**Aim of the task**.
Starting at the first line of the data, print each line verbatim up to and including the line bearing "A green thumb", omitting pictures.

**Data shown**.
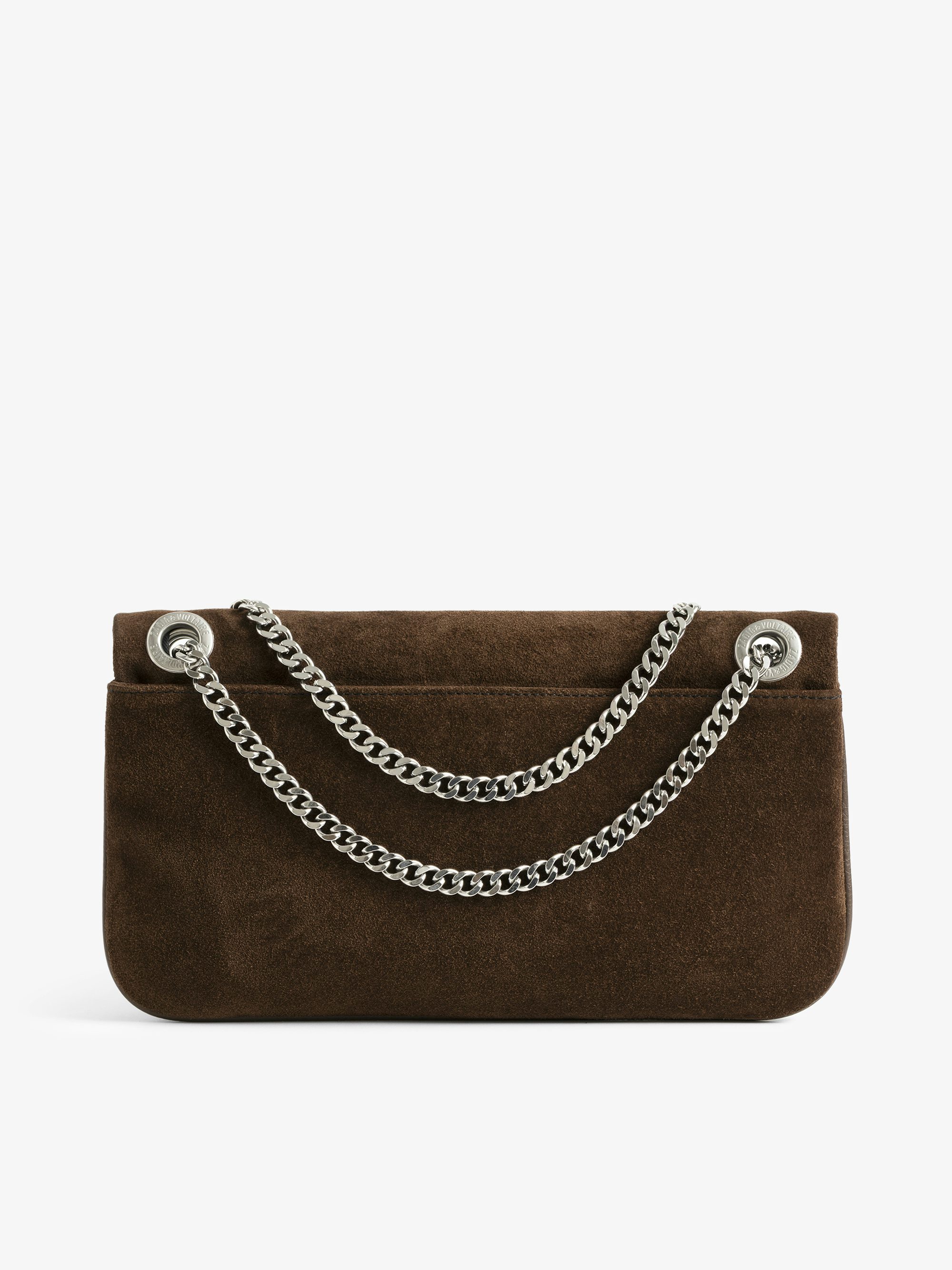Rock II Suede Clutch - Suede leather clutch with sliding metal chain and signature wings.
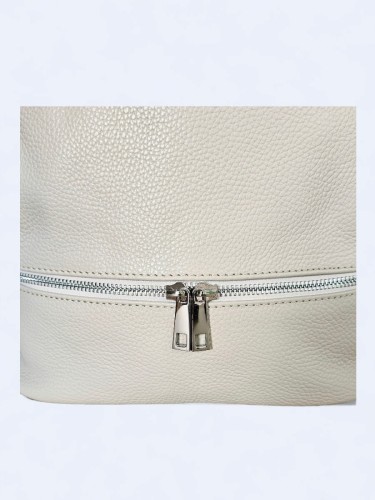 Elegancki skórzany miejski plecak beżowy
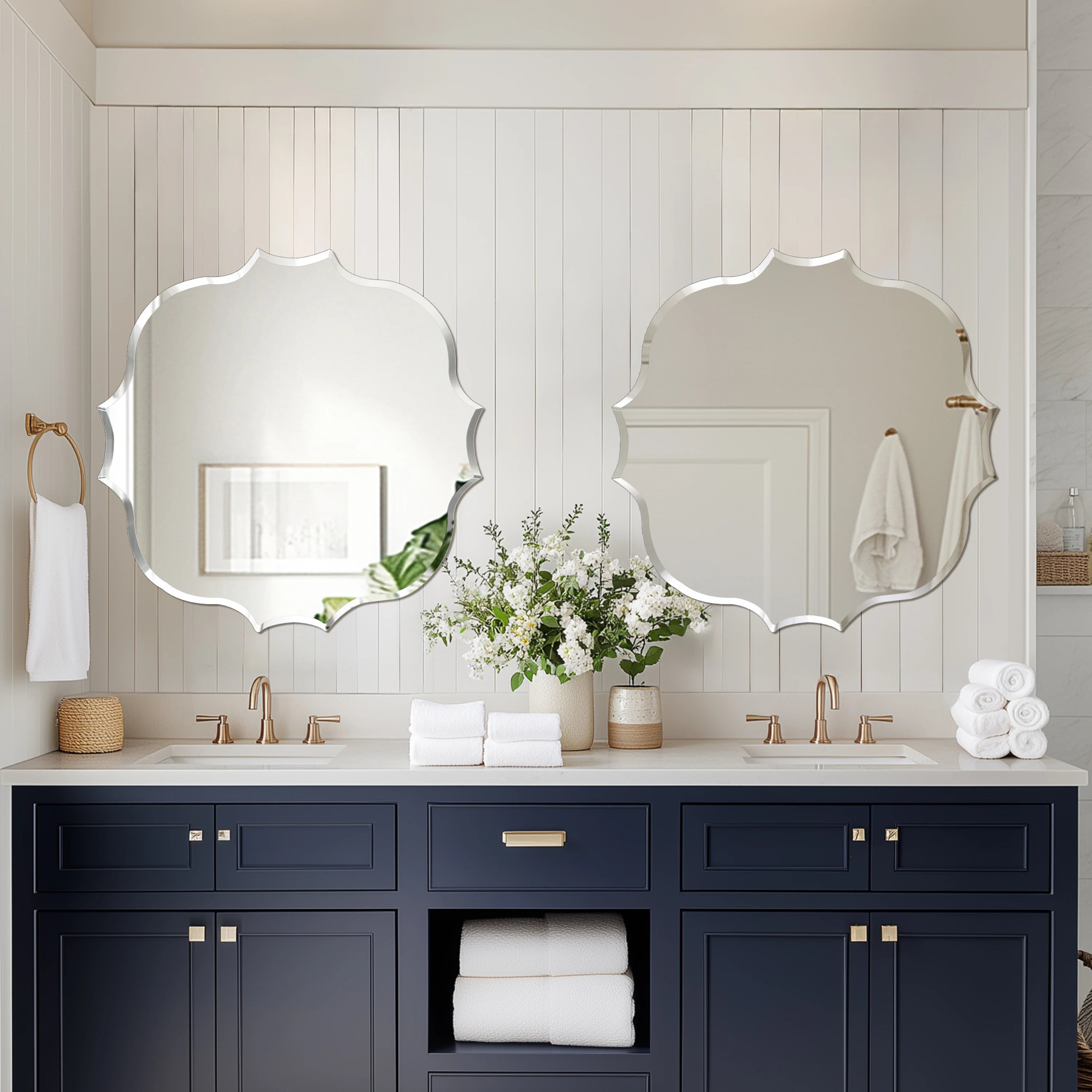 Wisfor Scalloped Edge Beveled Frameless Bathroom Wall Mirror for Living room, Bedroom, Entrance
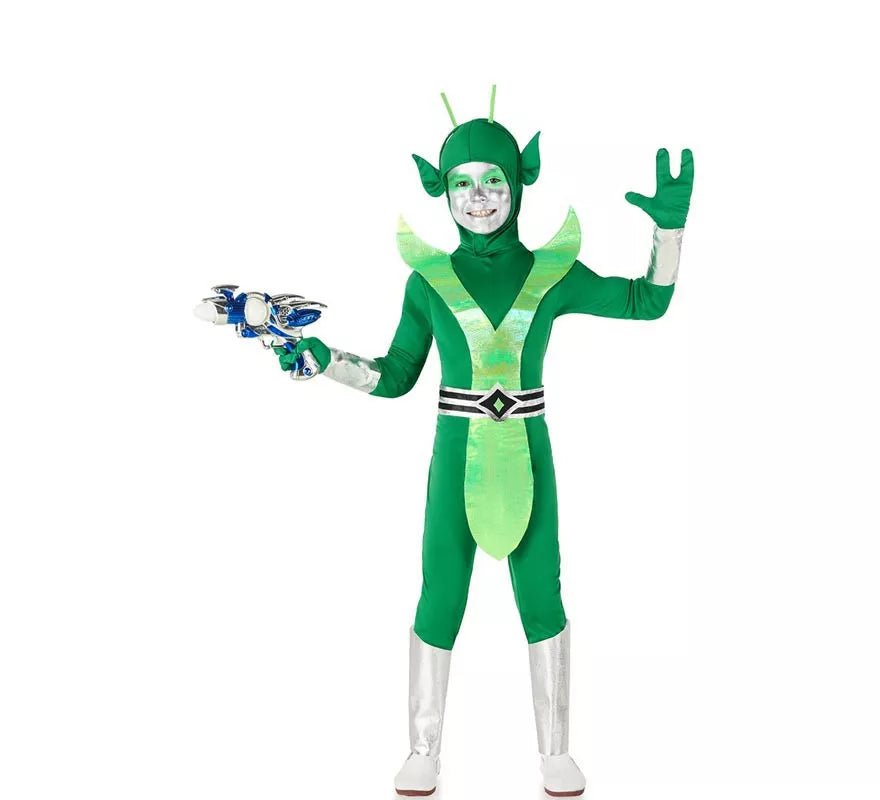 Translation missing: it.Disfraz de Alien verde y plateado para niños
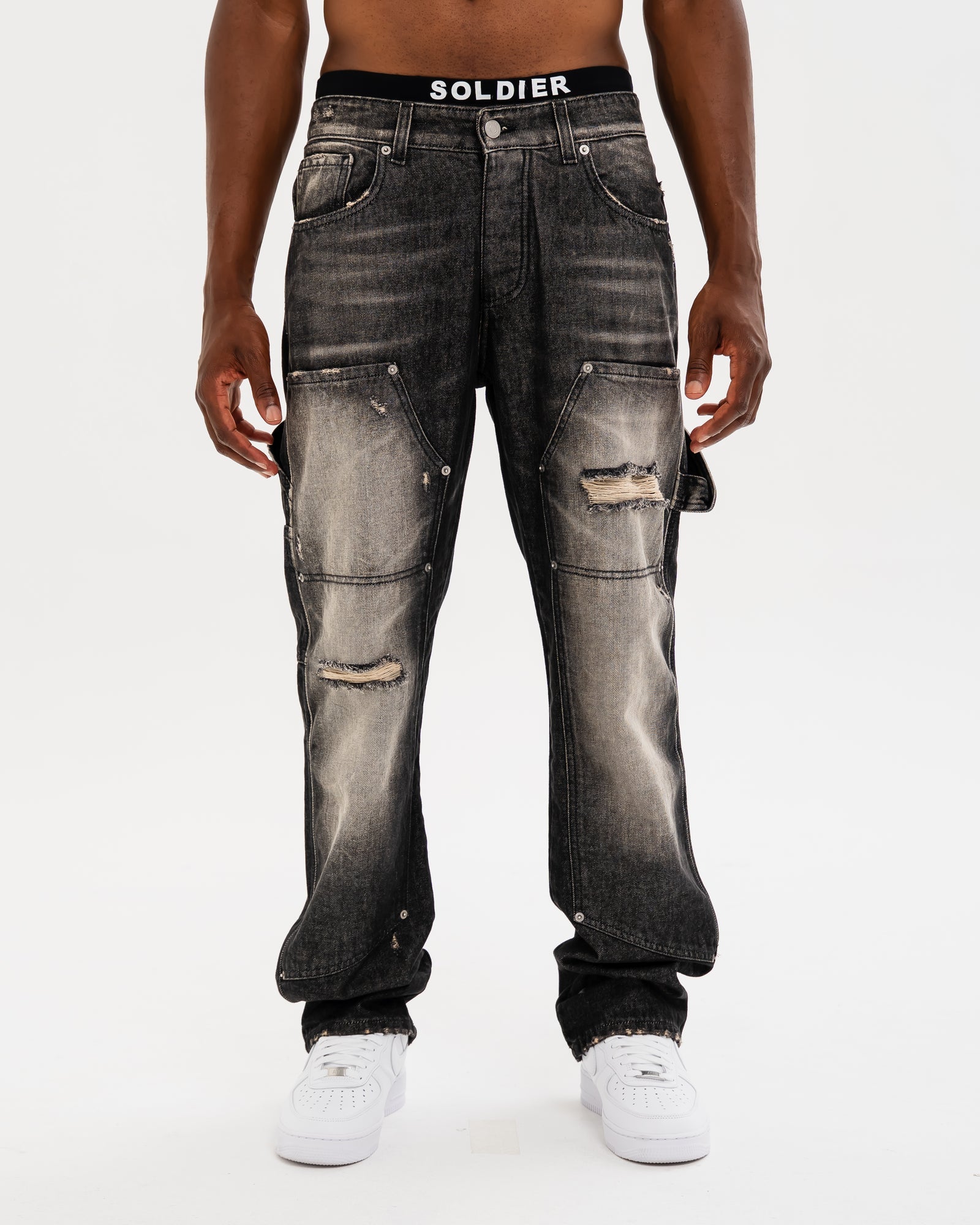 SOLDIER Jeans Baggy Carpenter Made in Italy Nero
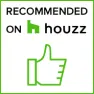 A green thumb with the words " recommended on houzz ".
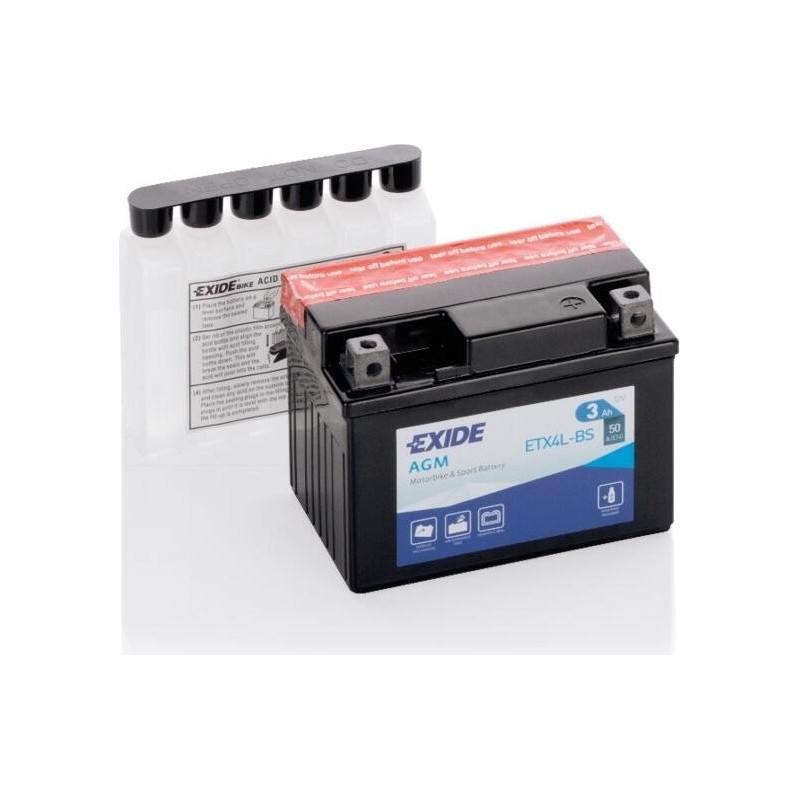 Bateria de mota Exide ETX4L-BS 12V 3Ah 50A AGM - 1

**Result for this exercise**.
Rock II Suede Clutch - Suede leather clutch with sliding metal chain and signature wings.
 Elegancki skórzany miejski plecak beżowy
 Wisfor Scalloped Edge Beveled Frameless Bathroom Wall Mirror for Living room, Bedroom, Entrance
 Translation missing: it.Disfraz de Alien verde y plateado para niños
 SOLDIER Jeans Baggy Carpenter Made in Italy Nero
 A green thumb with the words " recommended on houzz ".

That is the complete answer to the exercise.